Wrinkles of another sort

…The other day, the cable guy showed up in pressed khakis. Yum!

…Men in Arizona don’t tend to look the snappiest. Clean jeans would be dressup. Many don’t own a suit.

…Maybe it’s the ironing, not the irony. Is this a lost art?

…HA used to find the mindless adjusting of the garment, the dampening, the distilled water for the iron, and the positioning of ironing quite soothing.

…But it was always preceded by wrassling the board out of a closet, keeping kids away from the heating iron, and other not so fun parts.

..Remember dampening clothes…sprinkling them? They sell lavender water for that purpose, but this is probably used only by laundresses.


…Writing in the Arizona Republic (Aug 16, 2006), Scott Craven outlines the rules of ironing for those who are a little rusty.

….First, use the right setting. A hot setting will liquifey some fabrics. Or worse, glom them to the iron forever. This could affect our stress level.

…Second, do not iron clothes while they are on your body. HA has done this! According to a study, one-third of people have done this. Come on, not even a little sticky-uppy corner that is nowhere near skin?

…People aren’t slaves to ironing boards, either. They use tables, magazines, walls, even the sidewalk.

…Some people really do use the iron to make grilled cheese sandwiches, too.

…70% of the survey respondents in Phoenix iron their jeans. Maybe there is some hope.

…Khakis and Hawaiian shirts need it, too. And it doesn’t hurt t-shirts.

…Other tips: Don’t spray on starch and iron immediately. Wait a few minutes or the starch will get onto the iron.

…Taking washable clothes to the dry cleaner is another no-no.
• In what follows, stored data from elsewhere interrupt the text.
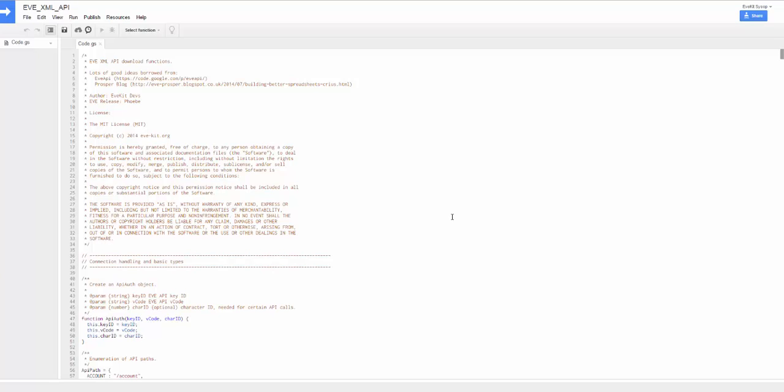Hello, everyone. This is a short video demonstrating the Eve XML API we released today as a Google Script Apps Library. It makes it really easy to make API calls directly from your Google Docs spreadsheets or docs or whatever. So this video is just going to cover the basic layout of the library and then show a few simple examples of how to use it.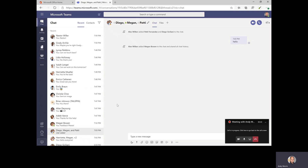Now, let's pretend that Megan is one of my most important collaborators, but I just haven't chatted with her in a little bit. So I want to make sure I always have Megan's messages up at the top of my list. You can pin chats within Teams.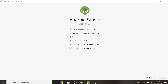Welcome back to another Android application development tutorial in Android Studio. In this video we are going to learn how to design buttons in XML in Android — different sizes of buttons, colors of buttons, and how to create more than one button in a single application.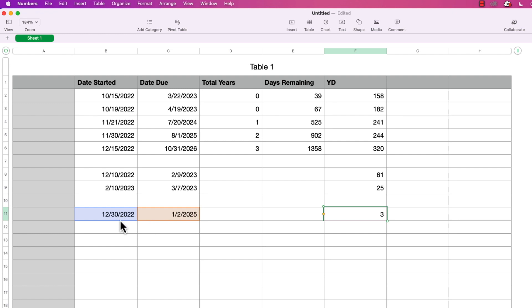Looking at that date range — from December 30th to December 31st, then January 1st and January 2nd — that's a total of three days. Even though these two dates are three years apart, it doesn't matter; it just goes by the days.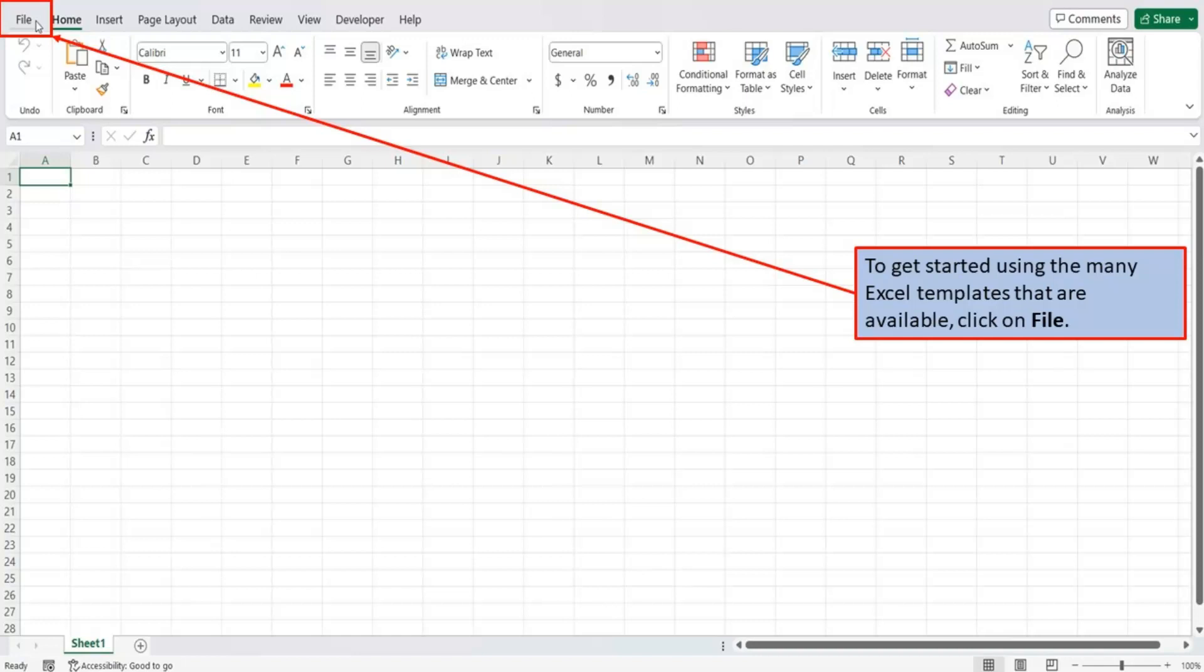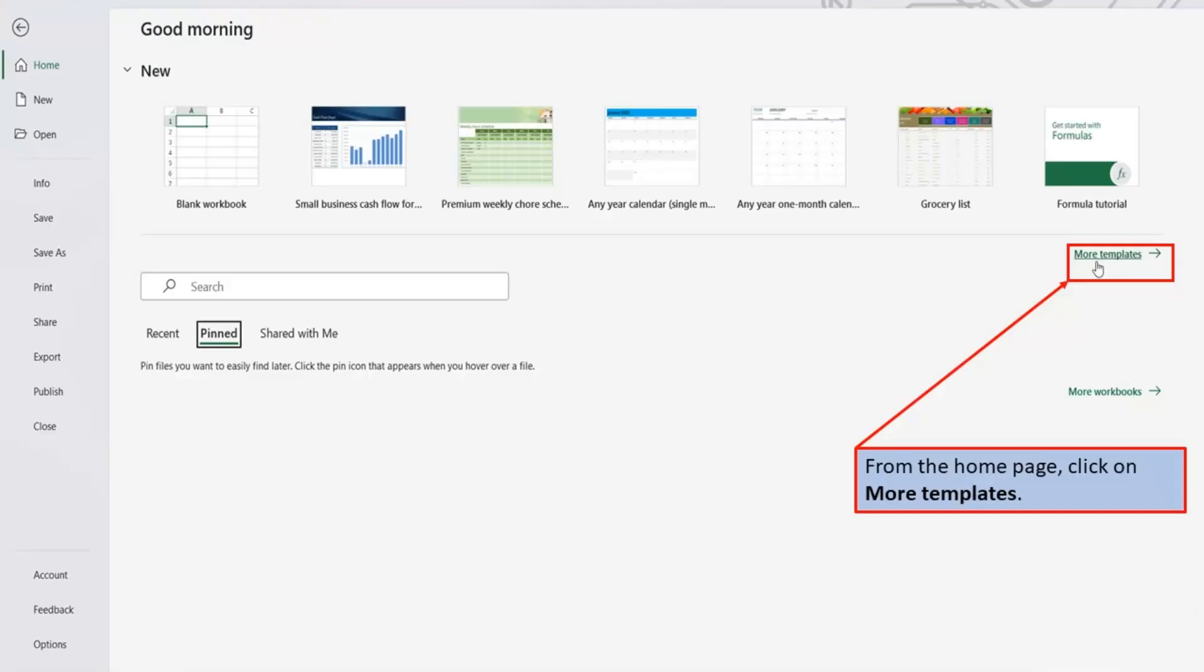To get started using the many Excel templates that are available, click on File. From the home page, click on More Templates.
…Don’t iron something and put it on. Hang it on a hanger so the press can set.

…Don’t iron naked. This should be self-explanatory but is not. This can be a serious, although snicker-attracting, health issue.

…A third of people in Phoenix iron sheets.
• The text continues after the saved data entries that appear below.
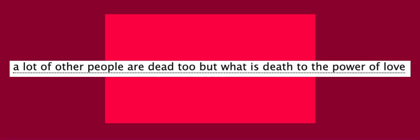Weirdly sexual trolley problem? A lot of other people are dead too, but what is death to the power of love?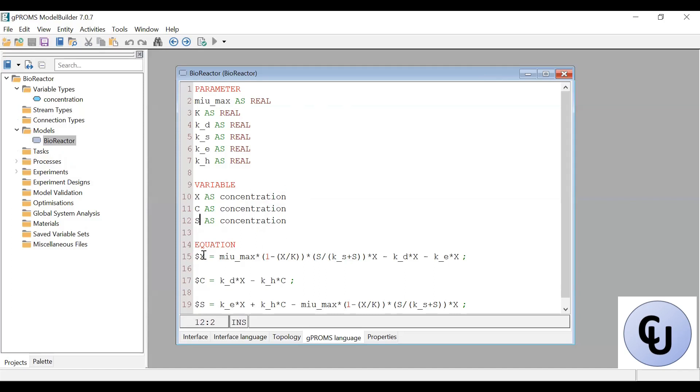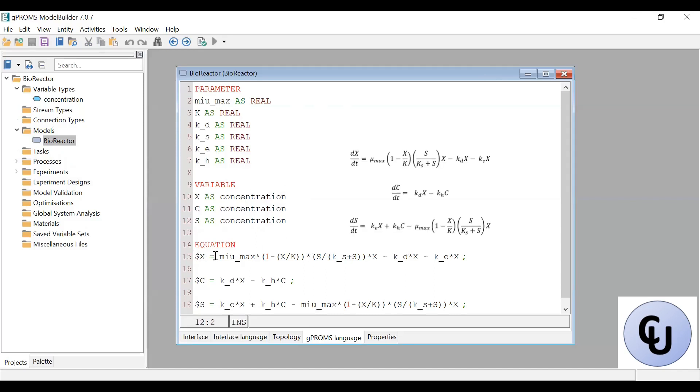And the equations — this is the first equation, the second equation, and the third equation. So these are differential equations.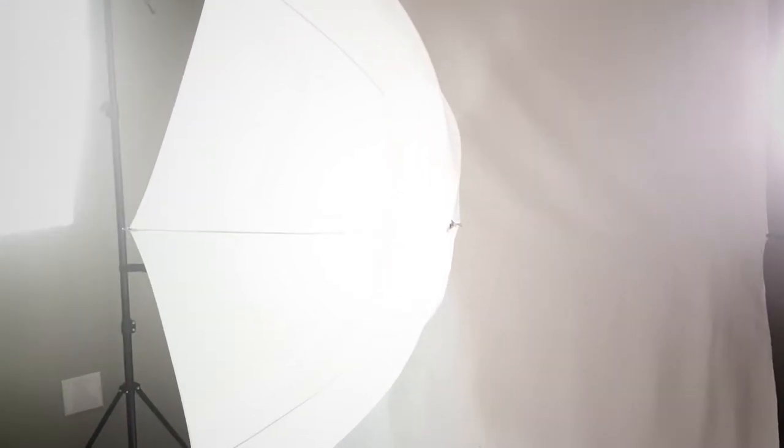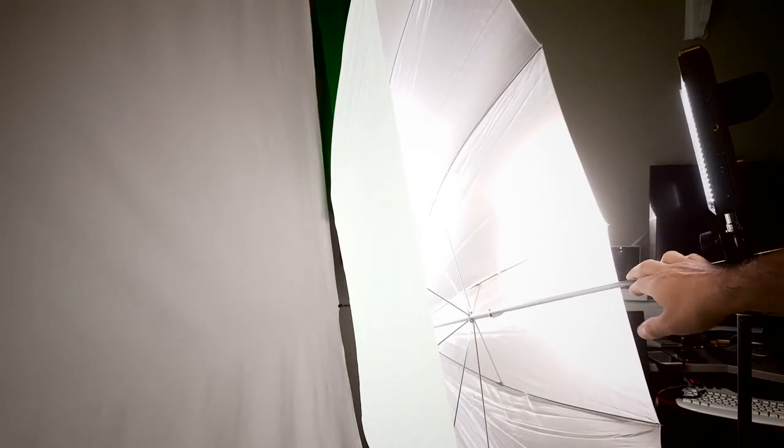Of course you might need a couple of these, two or three of these for a session. I'll just show you in here real quick that you can put an umbrella to the kit, to the light.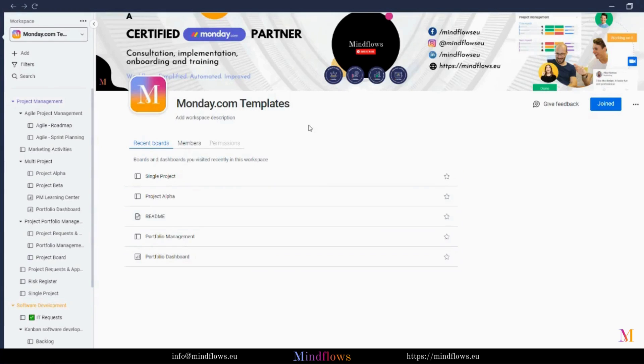Hi, in today's episode, let's learn about the work calendar from Monday.com.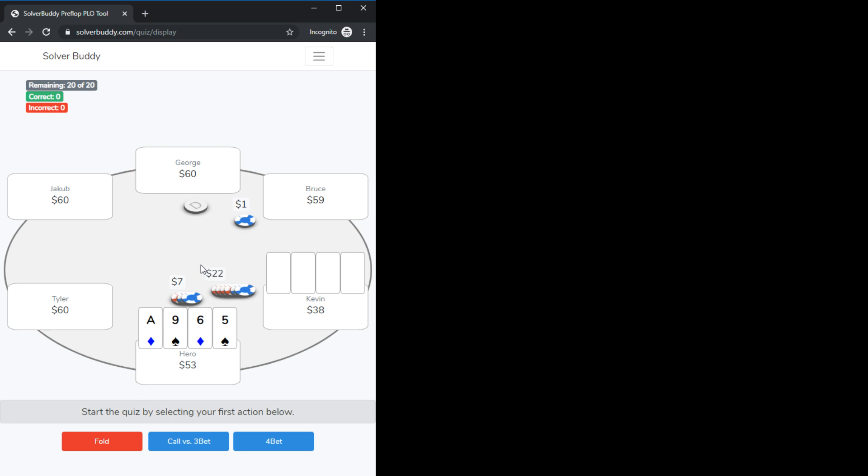So there you have it folks that's the new solver buddy if you have any questions please feel free to contact us using the contact form on the website or leave a comment on this video I might not see that necessarily as quickly though so I would recommend using the contact form and thank you for watching the tool is available at www.solverbuddy.com I look forward to hearing your feedback thank you.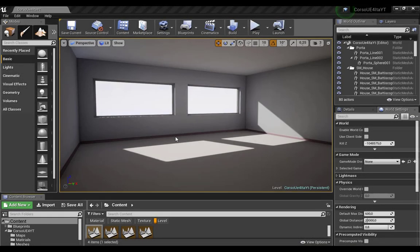What's up? Hi everyone. My name is Giovanni Messina and today I want to show you how we can make a simple archviz material inside Unreal Engine.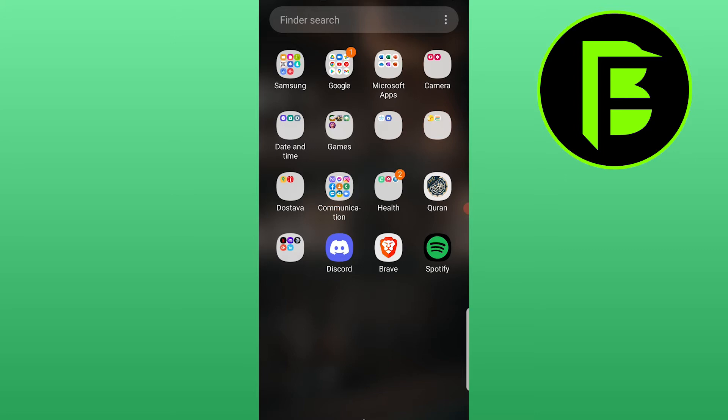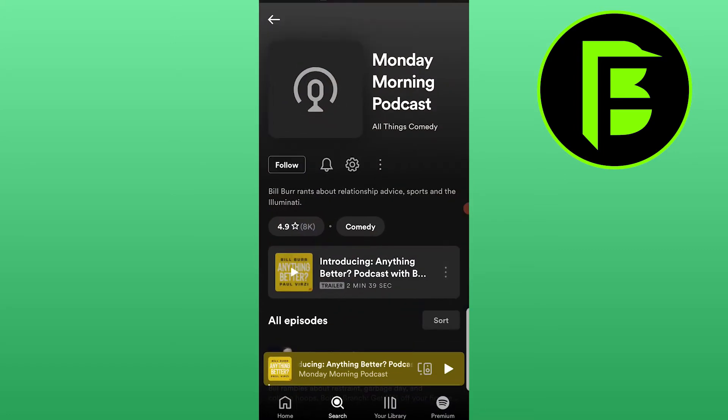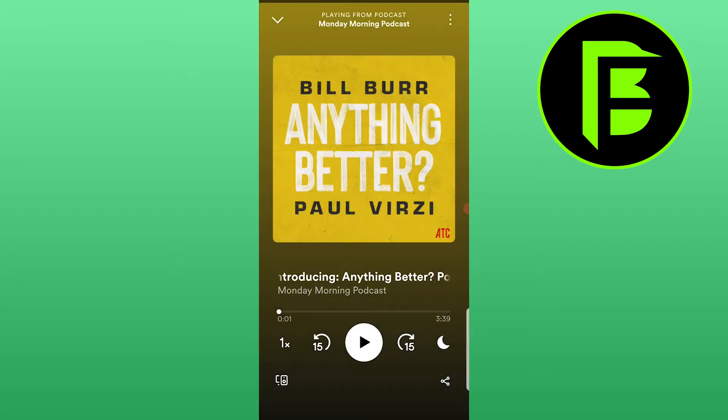So the first step is to open your Spotify app. Now go to a certain podcast that you like to listen, and press on it.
…Give HA the number of that laundress again.


twobuyfour said...

I just thought I'd mention a funny story.

I wear pleated shorts to work in the summers. Each year I buy a few pair and wear them out over the next two years. One year I bought two pair which had wrinkly flies. They looked fine otherwise, and it isn't a real dressy job anyway, but the flies were always folded open. Each day I forgot this until I put them on. So I'd touch the fly with the iron for a few seconds, and when I felt the heat in my "temperate zone" the fly would be pressed enough to lay flat all day. I always thought it was dumb, but I could never remember to do it until after I was dressed. I never burnt myself, but I never bought those shorts again, either.

Star said...

LOL. See? People iron on their bodies! I have slapped a crinkly cuff on the board--at least when I could remember where the board was, if I even have one anymore.